Das zunehmende Interesse an Video-Streaming-Technologien und der damit verbundene Anstieg der Websites, die diese Dienste betreiben, scheint für die Zunahme der Bedrohungen durch ZLOB-Installationen verantwortlich zu sein.
In den USA pausieren viele Fernsehserien zwischen April und August. Die nächsten Staffeln werden erst im Oktober ausgestrahlt. Daher sind in den Monaten zwischen April und August Spitzenwerte zu verzeichnen, wenn Fans der Serien die verpassten Folgen herunterladen.
Auf den P2P-Websites (Peer-to-Peer), von denen die meisten Videodateien heruntergeladen werden, ist nahezu keine Kontrolle über bösartige Inhalte möglich. (Sehen Sie dazu auch das angehängte Diagramm: Eine Instanz weist auf eine einzelne Infektion hin; mehrere Instanzen weisen auf wiederholte Infektionen über dieselbe Benutzergruppe hin).

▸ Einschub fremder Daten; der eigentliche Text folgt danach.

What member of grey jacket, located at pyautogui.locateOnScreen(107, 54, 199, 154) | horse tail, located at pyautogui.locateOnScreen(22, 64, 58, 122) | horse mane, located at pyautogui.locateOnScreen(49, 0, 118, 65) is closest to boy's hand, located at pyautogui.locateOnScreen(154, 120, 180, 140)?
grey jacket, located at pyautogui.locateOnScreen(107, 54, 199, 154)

Web-Bedrohungen umfassen also auch den Bereich Codecs, die eine weitere Möglichkeit darstellen, auf illegale Weise Profit aus ahnungslosen Benutzern zu schlagen. Eine alternative Methode, Benutzer zu gefährlichen Aktionen zu veranlassen, sind Phishing-E-Mails.

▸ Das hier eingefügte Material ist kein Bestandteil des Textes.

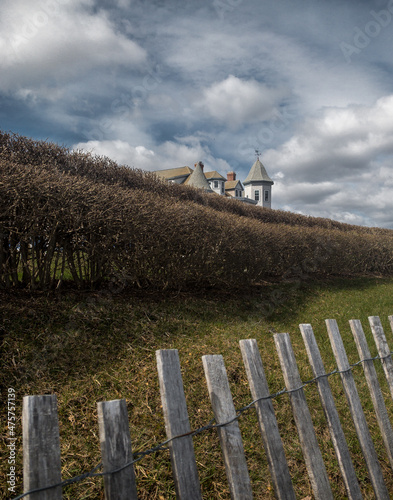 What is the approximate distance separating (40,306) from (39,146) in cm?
452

TROJ_SMITFRAUD.A beispielsweise verändert eine Windows DLL-Datei (Dynamic Link Library) und lädt einen Spyware-Trojaner herunter, der den Netzwerkverkehr überwacht (siehe Punkt 5 oben).

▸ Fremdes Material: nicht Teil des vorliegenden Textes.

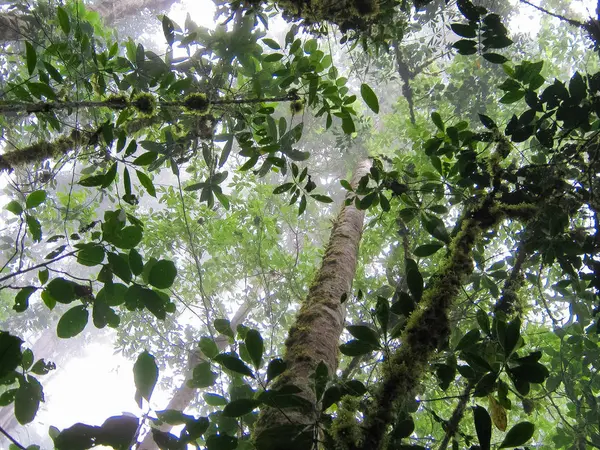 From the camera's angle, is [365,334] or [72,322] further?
[72,322]

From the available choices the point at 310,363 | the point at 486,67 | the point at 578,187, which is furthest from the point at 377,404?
the point at 486,67

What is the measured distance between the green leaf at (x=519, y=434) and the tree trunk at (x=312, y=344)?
22.3 inches

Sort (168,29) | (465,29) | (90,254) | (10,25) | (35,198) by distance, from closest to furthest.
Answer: (90,254) < (35,198) < (465,29) < (168,29) < (10,25)

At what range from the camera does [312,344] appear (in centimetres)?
202

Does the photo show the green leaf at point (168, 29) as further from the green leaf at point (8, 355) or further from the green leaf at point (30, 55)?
the green leaf at point (8, 355)

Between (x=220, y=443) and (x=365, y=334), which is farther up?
(x=365, y=334)

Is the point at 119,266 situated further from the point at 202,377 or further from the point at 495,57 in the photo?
the point at 495,57

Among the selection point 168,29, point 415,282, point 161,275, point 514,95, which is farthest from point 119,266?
point 514,95

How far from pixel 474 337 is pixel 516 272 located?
4.36ft

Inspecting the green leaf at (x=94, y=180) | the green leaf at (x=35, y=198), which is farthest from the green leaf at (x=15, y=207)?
the green leaf at (x=94, y=180)

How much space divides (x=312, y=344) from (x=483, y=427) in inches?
39.6

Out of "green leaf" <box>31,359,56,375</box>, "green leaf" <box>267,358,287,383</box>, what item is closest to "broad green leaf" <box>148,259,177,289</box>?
"green leaf" <box>267,358,287,383</box>

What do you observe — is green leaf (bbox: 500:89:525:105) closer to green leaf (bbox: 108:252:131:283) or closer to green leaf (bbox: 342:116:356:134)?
green leaf (bbox: 342:116:356:134)

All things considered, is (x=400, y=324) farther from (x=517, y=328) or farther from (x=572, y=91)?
(x=572, y=91)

"Die meisten dieser Angriffe sind Codec-basiert", erläutert Jamz.
"Früher konnte der Benutzer nach dem Download der Videodateien die Erweiterung in .AVI oder .WMV umbenennen. Heutzutage aber erkennt der Windows Media Player die Dateitypen und führt gemäß der .ASF- oder .ASX-Datei Aktionen aus. Dabei handelt es sich in der Regel um betrügerische Aktivitäten. Mit der steigenden Anzahl von Online-Benutzern und ihren Aktivitäten werden auch diese Bedrohungsarten weiter zunehmen."